→ **Exercise aim**
Beneath this task are records; print exactly the stretch of them from the line with "viscacha-atacama-desert-738697-ga" through the line with "お花の並べ方🌸　#あつ森 #あつまれどうぶつの森 #大人初心者", both ends included.

→ **Dataset excerpts**
******************************
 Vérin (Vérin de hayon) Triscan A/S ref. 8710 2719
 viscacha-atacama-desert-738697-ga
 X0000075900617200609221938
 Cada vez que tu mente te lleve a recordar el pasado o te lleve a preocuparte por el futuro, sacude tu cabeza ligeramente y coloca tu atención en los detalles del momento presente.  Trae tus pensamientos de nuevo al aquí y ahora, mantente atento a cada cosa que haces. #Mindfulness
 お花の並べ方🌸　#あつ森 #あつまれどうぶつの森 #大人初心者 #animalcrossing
******************************
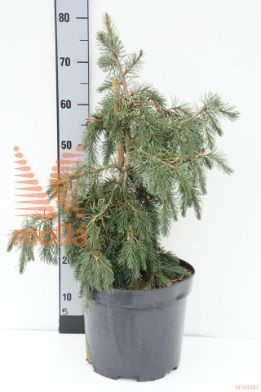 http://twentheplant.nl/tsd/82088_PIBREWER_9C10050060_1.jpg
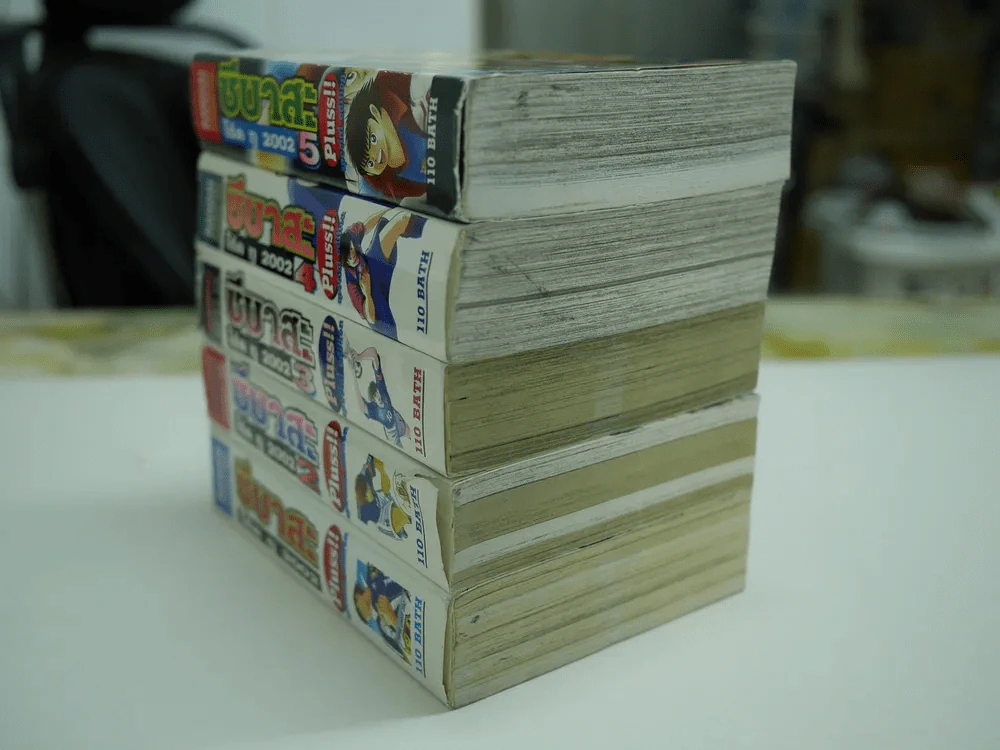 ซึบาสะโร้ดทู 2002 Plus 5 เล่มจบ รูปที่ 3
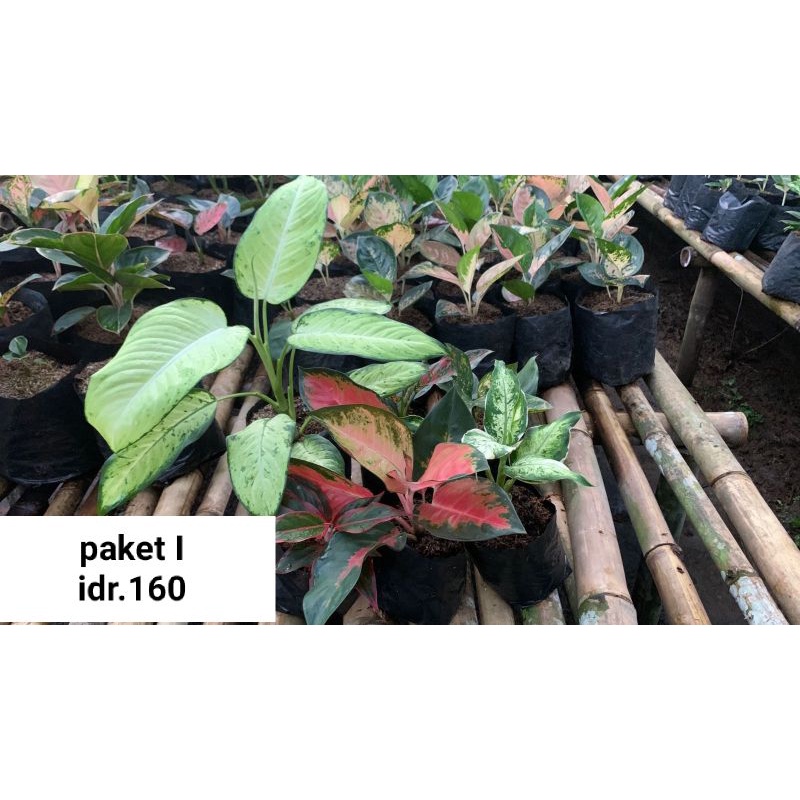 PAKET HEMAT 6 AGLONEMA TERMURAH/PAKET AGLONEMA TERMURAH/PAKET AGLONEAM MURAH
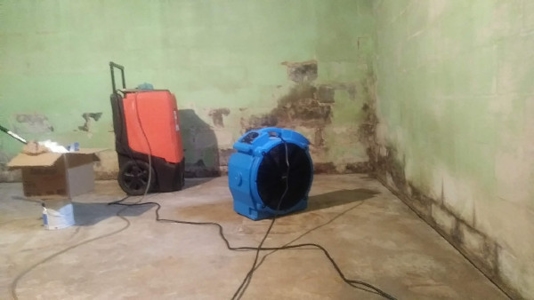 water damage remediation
******************************
→ **Task solution**
 viscacha-atacama-desert-738697-ga
 X0000075900617200609221938
 Cada vez que tu mente te lleve a recordar el pasado o te lleve a preocuparte por el futuro, sacude tu cabeza ligeramente y coloca tu atención en los detalles del momento presente.  Trae tus pensamientos de nuevo al aquí y ahora, mantente atento a cada cosa que haces. #Mindfulness
 お花の並べ方🌸　#あつ森 #あつまれどうぶつの森 #大人初心者 #animalcrossing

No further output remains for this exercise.